If they are two distinct functions, than one would actaully use encryptions in script such as with a GET or POST requests twice, in the case of an included PW transfer.
... and even three times according to your Post !

[FourthWorld]

Rule #1 for appsec: don't roll your own security.

SSL solves this problem (though for other reasons I'd use POST rather than GET for sending data to the server). And with DNS under constant attack HTTPS is additionally valuable so your users can know they've arrived at the site they intended to.

SSL certs are free these days, thanks to the Let's Encrypt project:
https://letsencrypt.org/

[teriibi]

In fact I m already using Https...
But on top of this I was told to encrypt all url params for queries...

[FourthWorld]

In fact I m already using Https...
But on top of this I was told to encrypt all url params for queries...

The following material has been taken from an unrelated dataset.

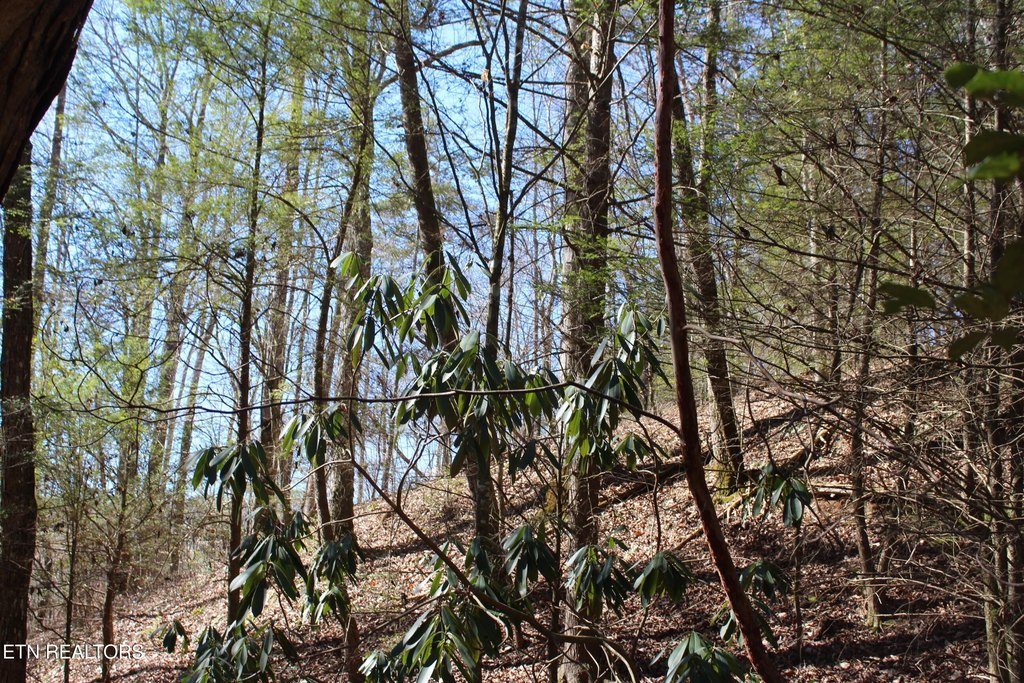 Jamestown, Tennessee, 38556, United States, 3 Bedrooms Bedrooms, ,1 BathroomBathrooms,Residential,Forsale,1885987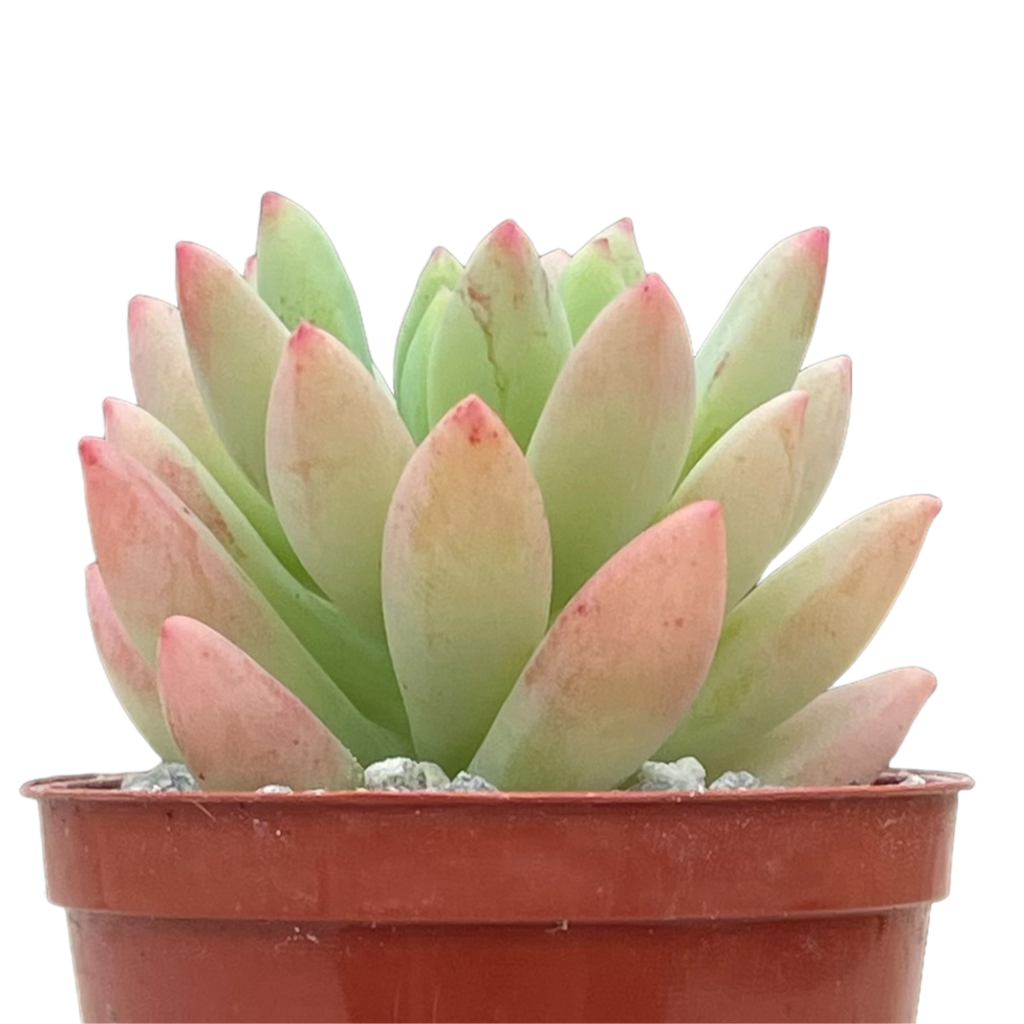 x Sedeveria 'Yellow Humbert'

Wouldn't hurt I suppose, but why GET over PUT for login?

[teriibi]

True, in fact I was refering to DB queries - once logged...and at the same time PW/USER encryption too

[FourthWorld]

One benefit of using POST instead of GET is that the query string sent with GET is recorded in the access logs, creating an additional security exposure when those strings contain secrets.

[teriibi]

Thanks so much,
I m really new - and selflearning - about this kind of Requests over the Web so thats valuable info to me !
!

[FourthWorld]

Writing software is hard enough, but writing client-server apps is super-hard because you not only need to think of all the ways a user might misuse the app, but how the bad guys might misuse your server.

I have a friend who's been in the business for decades but he's burning out from having to deal with all the security overhead. It's a much more dangerous online world than it was 20 years ago.

But it's all learnable if you're patient and eager to try new things. It helps if you also enjoy coffee.

What OS is your server running? And is it a shared host or VPS?


PS: Self-learning is the best learning. It's the only learning, really: whatever you learn in school is just a foundation, most interesting professions these days require life-long Self-learning anyway. It's a good habit to build.